[Collected data entries]
§

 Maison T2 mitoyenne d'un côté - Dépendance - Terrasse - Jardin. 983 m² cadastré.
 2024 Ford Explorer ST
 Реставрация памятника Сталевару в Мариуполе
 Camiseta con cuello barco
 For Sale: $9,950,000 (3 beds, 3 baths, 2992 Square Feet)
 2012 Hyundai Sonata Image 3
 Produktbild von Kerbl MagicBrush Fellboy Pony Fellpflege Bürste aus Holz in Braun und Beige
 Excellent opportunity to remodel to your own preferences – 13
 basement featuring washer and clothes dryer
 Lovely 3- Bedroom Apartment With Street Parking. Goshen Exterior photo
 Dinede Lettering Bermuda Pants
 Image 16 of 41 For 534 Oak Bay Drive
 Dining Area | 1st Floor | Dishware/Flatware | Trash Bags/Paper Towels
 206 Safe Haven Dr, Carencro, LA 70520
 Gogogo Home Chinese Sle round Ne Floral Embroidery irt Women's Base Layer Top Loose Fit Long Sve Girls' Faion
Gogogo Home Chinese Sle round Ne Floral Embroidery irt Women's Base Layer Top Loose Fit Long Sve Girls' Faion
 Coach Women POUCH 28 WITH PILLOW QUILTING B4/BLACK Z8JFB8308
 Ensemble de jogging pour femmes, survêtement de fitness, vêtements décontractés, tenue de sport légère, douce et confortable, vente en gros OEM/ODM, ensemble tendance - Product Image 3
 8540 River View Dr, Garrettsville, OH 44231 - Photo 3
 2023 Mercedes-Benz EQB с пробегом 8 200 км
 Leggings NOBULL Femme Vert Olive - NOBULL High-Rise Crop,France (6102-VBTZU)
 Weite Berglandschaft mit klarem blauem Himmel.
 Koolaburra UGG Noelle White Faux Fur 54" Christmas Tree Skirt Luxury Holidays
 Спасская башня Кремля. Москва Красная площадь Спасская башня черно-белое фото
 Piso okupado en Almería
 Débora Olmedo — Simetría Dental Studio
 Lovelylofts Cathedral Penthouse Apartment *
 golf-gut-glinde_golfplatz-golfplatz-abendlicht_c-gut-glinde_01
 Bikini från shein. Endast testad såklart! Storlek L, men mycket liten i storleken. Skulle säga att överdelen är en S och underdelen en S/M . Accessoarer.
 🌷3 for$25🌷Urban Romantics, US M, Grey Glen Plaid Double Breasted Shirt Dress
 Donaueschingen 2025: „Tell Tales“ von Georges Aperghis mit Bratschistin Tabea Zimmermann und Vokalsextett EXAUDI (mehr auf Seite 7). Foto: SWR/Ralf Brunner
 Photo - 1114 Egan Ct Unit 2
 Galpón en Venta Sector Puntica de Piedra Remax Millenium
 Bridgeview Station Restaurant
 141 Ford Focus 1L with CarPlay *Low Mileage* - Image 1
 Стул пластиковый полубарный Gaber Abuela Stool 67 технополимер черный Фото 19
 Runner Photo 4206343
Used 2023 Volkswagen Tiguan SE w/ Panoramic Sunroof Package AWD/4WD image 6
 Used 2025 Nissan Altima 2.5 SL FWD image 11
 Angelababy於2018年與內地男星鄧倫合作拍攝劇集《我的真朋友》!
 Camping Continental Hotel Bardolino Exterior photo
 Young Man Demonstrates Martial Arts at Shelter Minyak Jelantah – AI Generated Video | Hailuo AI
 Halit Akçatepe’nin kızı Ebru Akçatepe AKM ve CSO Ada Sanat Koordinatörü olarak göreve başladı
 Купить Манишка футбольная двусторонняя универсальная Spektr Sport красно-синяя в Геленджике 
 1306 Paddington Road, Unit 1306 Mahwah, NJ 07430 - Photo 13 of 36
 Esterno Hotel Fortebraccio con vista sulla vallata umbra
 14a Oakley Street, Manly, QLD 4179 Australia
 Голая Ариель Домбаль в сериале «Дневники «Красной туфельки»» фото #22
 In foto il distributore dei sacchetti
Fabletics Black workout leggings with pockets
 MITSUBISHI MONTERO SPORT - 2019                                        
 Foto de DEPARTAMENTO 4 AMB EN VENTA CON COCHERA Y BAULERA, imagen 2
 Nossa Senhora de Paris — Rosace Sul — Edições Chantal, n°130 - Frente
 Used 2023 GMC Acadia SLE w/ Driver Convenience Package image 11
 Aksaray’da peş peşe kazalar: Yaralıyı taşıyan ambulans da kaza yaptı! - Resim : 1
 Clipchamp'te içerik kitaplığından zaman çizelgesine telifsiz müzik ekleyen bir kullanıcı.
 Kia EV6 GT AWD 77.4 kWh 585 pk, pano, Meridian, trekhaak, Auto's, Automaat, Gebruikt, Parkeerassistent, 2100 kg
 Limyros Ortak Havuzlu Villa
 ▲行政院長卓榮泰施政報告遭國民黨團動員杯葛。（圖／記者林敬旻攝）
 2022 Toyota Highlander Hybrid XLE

§

Lines containing the word "round" are to be located in the entries and copied.

 Gogogo Home Chinese Sle round Ne Floral Embroidery irt Women's Base Layer Top Loose Fit Long Sve Girls' Faion
Gogogo Home Chinese Sle round Ne Floral Embroidery irt Women's Base Layer Top Loose Fit Long Sve Girls' Faion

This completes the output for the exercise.